Question

The maximum number of values of x if $\left| {x - 2} \right| + \left| {x - 4} \right| = 2$ is
A. 1
B. 2
C. 3
D. Infinitely many

Answer 1

Hint: We can consider 3 cases, when x is less than 2; x is greater than or equal to 2 and less than 4; x is greater than or equal to 4, because we have to consider the interval of real numbers. For each case, find whether the equation is true or not and that will give how many values are possible for x.

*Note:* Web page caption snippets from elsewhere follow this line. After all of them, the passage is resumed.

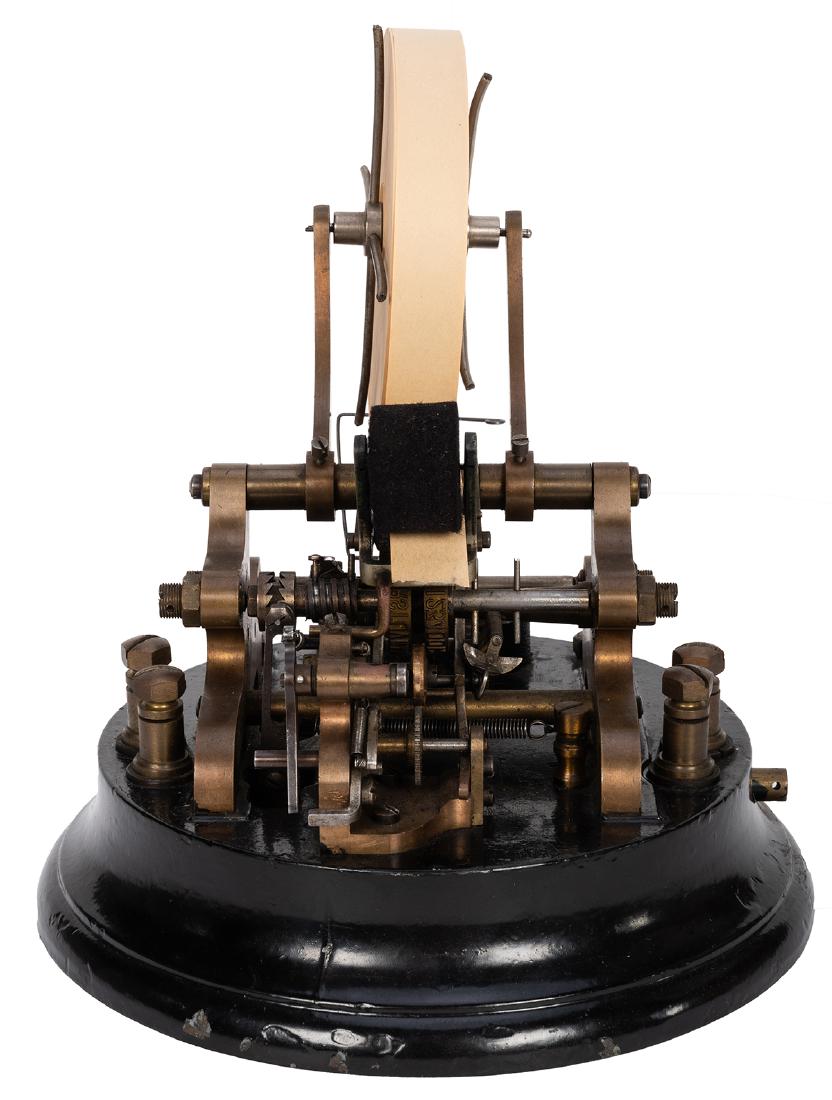 J.H. Bunnell Universal Stock Ticker Machine. (1 of 7)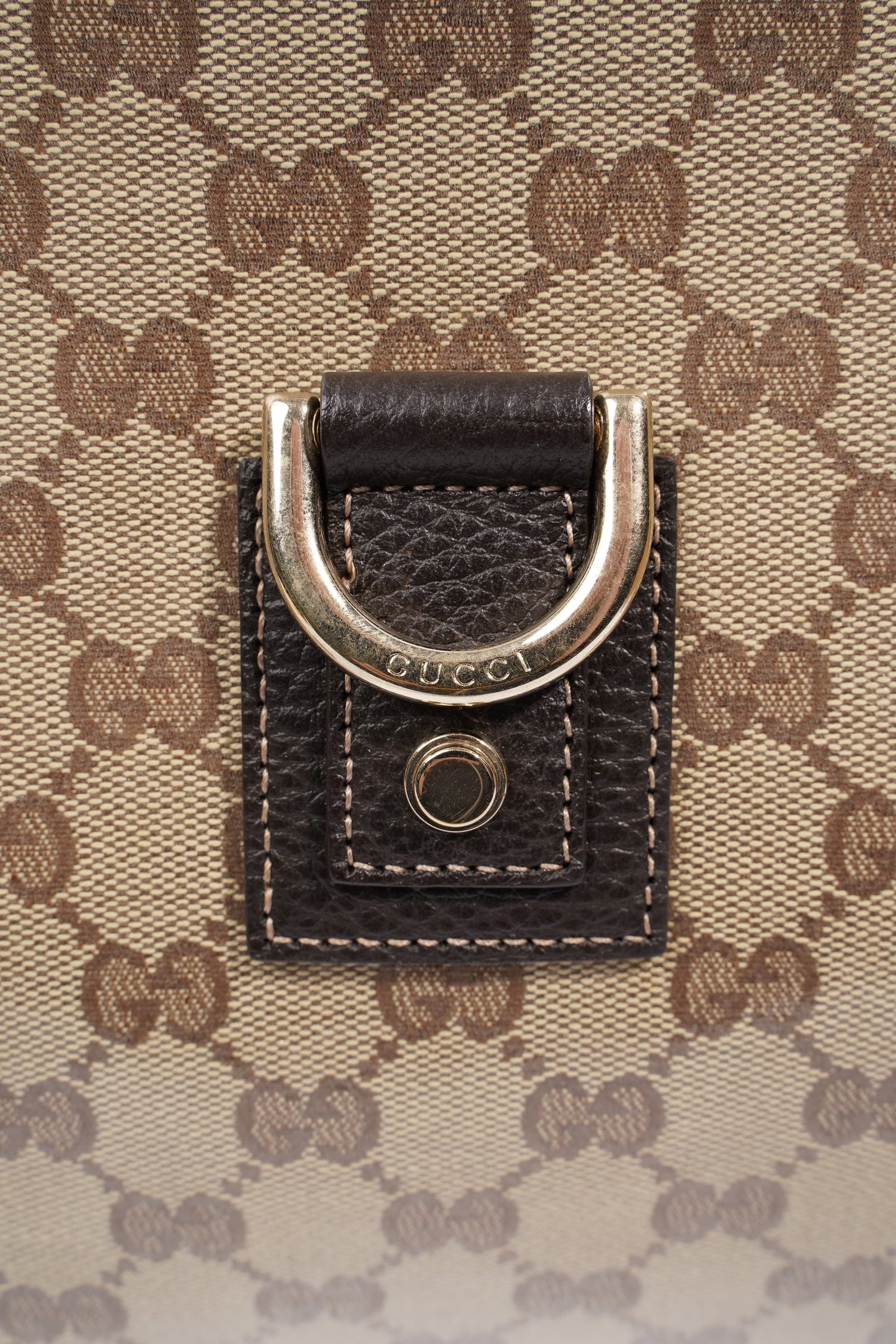 Gucci Abbey D Ring Shoulder Bag Supreme Print / Brown Canvas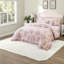 Ensembles de literie 1 pièce, ensemble en microfibre à volants floraux pour chambre à coucher, lit double/queen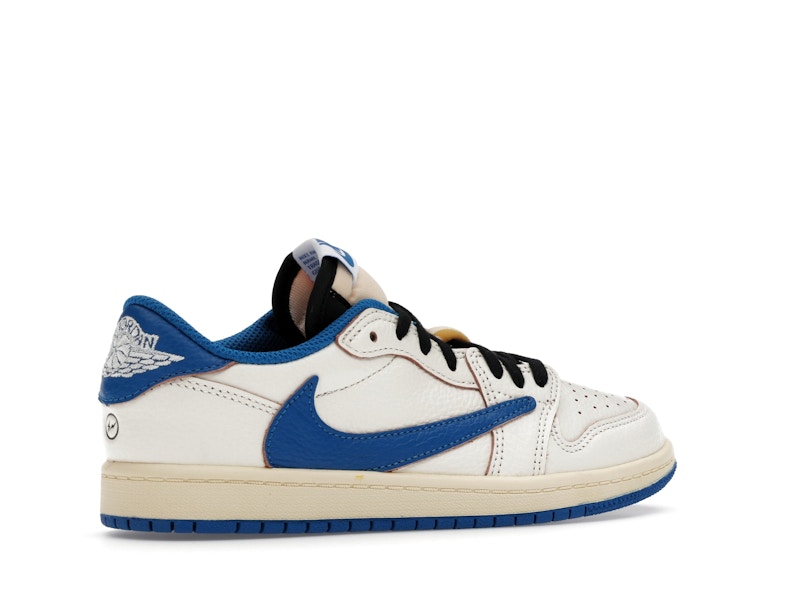 Jordan 1 Retro Low OG SP Fragment x Travis Scott Sail Military Blue (PS)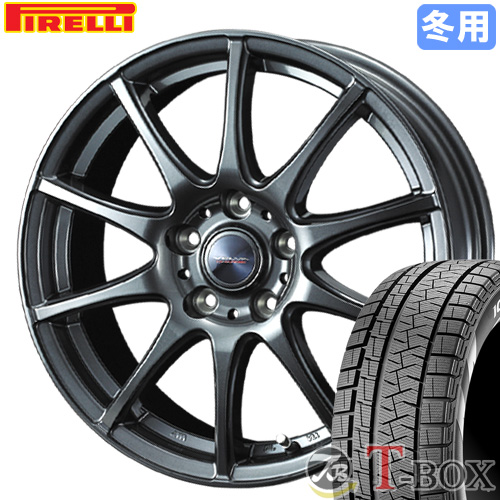 スタッドレスタイヤ ホイール 4本セット 195/55R16 ピレリ アイスアシンメトリコ プラス ヴェルヴァ チャージ 16インチ 6.0 4穴  PCD100 : w16604100-1955516bc : T-BOX Auto Parts - 通販 - Yahoo!ショッピング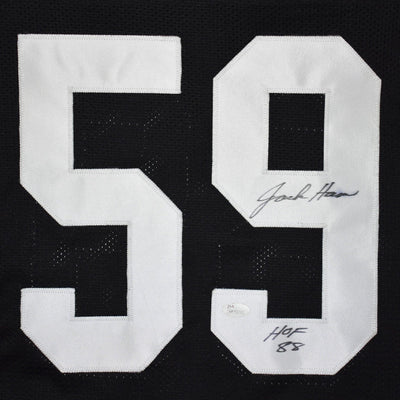 Jack Ham Signed HOF 88 Pittsburgh Black Football Jersey (JSA)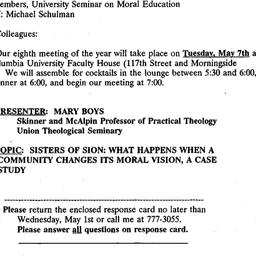 Announcements, 1996-02-02. ...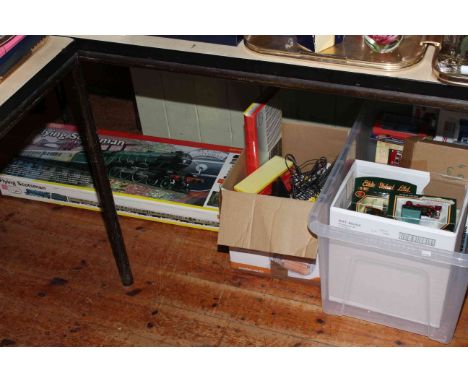 Hornby Flying Scotsman train set, accessories, model vehicles, etc.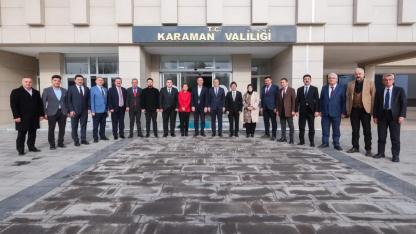 AK Parti Karaman Teşkilatından Vali Hayrettin Çiçek’e Ziyaret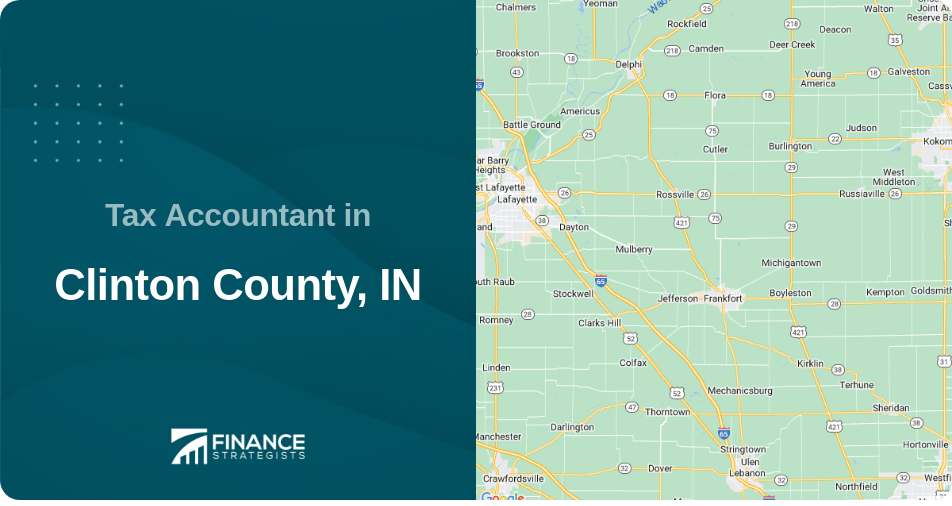 Tax Accountant in Clinton County, IN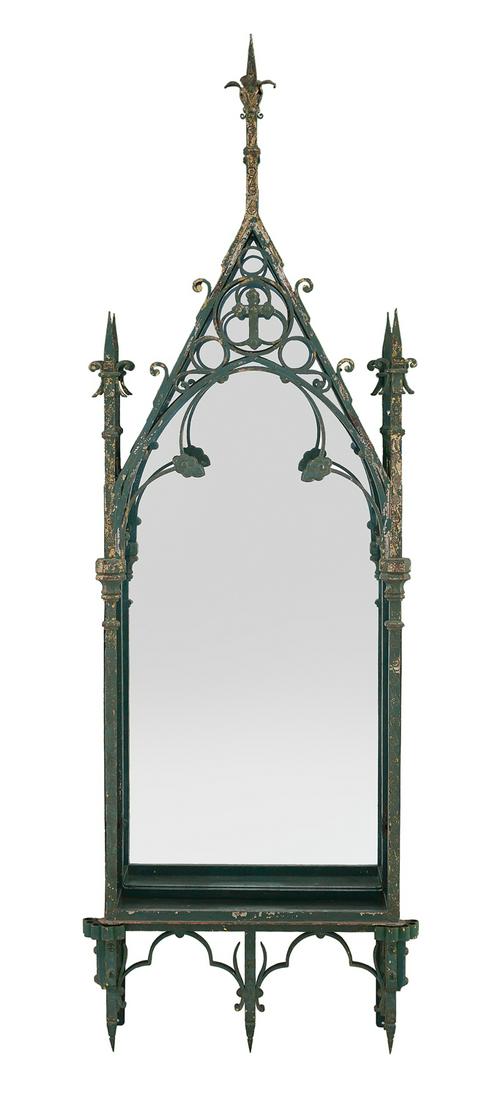Gothic Revival Painted Iron Altar on Stand (1 of 2)
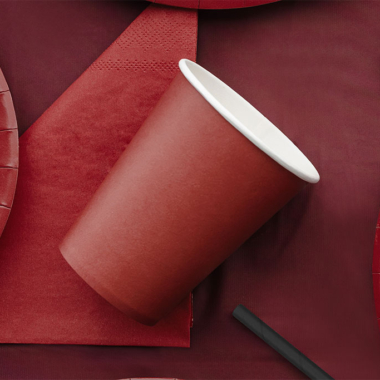 Čaše Tamno crvene 250ml - 6 kom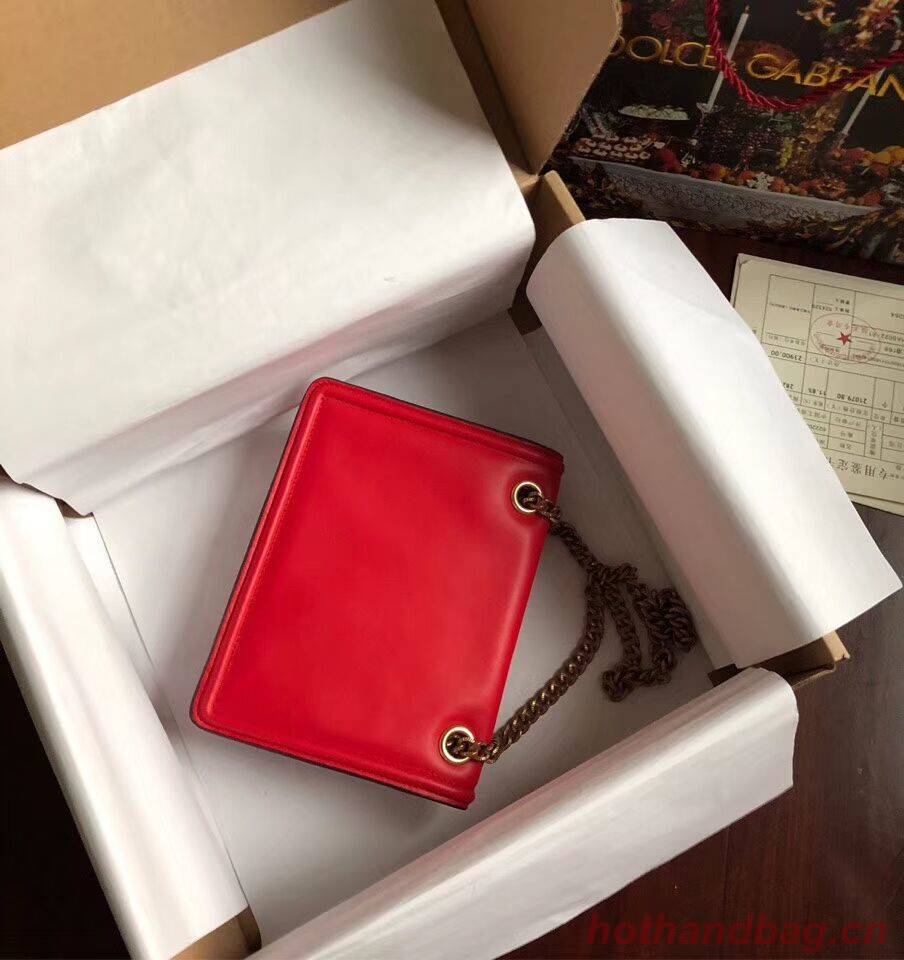 Dolce & Gabbana Calfskin Leather 4046 red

Complete step by step solution:
We are given to find the maximum number of values of x if $\left| {x - 2} \right| + \left| {x - 4} \right| = 2$.
So we have to consider the interval of real numbers for which the equation assumes different forms.
Case 1:
When x<2. The first and second terms in $\left| {x - 2} \right| + \left| {x - 4} \right|$ will be negative as x is less than 2.
Therefore, the equation becomes $ - \left( {x - 2} \right) - \left( {x - 4} \right) = 2$
$ \Rightarrow - x + 2 - x + 4 = 2$
$ \Rightarrow - 2x + 6 = 2$
$ \Rightarrow 2x = 4 \Rightarrow x = 2$
Here, we got the value of x as 2 but we considered x value as less than 2. Therefore, x is less than 2 is not a solution.
Case 2:
When $2 \leqslant x < 4$, the first term will be positive (or zero) and second term will be negative in $\left| {x - 2} \right| + \left| {x - 4} \right|$ as x is less than 4 and greater than or equal to 2.
 Therefore, the equation becomes $\left( {x - 2} \right) - \left( {x - 4} \right) = 2$
$ \Rightarrow x - 2 - x + 4 = 2$
$ \Rightarrow 2 = 2$
The above equation is an identity, which means the given equation is always true for the interval $\left[ {2,4} \right)$
Case 3:
When $x \geqslant 4$, $\left[ {4,\infty } \right)$, both the first and second terms will be positive as x is greater than or equal to 4. Second term can also be zero.
Therefore, the equation becomes $\left( {x - 2} \right) + \left( {x - 4} \right) = 2$
$ \Rightarrow x - 2 + x - 4 = 2$
$ \Rightarrow 2x - 6 = 2$
$ \Rightarrow 2x = 8,x = 4$
X is equal to 4 lies in the interval $\left[ {4,\infty } \right)$. This means that x=4 is the solution in this case.
Therefore, in total x=4 and x lies in the interval $\left[ {2,4} \right)$ i.e. x is from the interval $\left[ {2,4} \right]$
Therefore, the no. of integer values in the interval $\left[ {2,4} \right]$ is three i.e. 2, 3 and 4 whereas the no. of real values in this interval is infinite.
Therefore, the maximum number of values of x if $\left| {x - 2} \right| + \left| {x - 4} \right| = 2$ is infinitely many.
So, the correct answer is “Option D”.

Note: Here we are asked to find the maximum no. of values, but clearly they did not mention integer or real. So we have considered real values because integers are also real. All the real values between 2 and 4 satisfy the equation, say x is 3.7 then the equation will be $\left| {3.7 - 2} \right| + \left| {3.7 - 4} \right| = 1.7 + 0.3 = 2$ which satisfies the equation. Anything inside $\left| {} \right|$ results a positive value. This is called absolute value. Absolute value of -2 is 2 and absolute value of 2 is 2.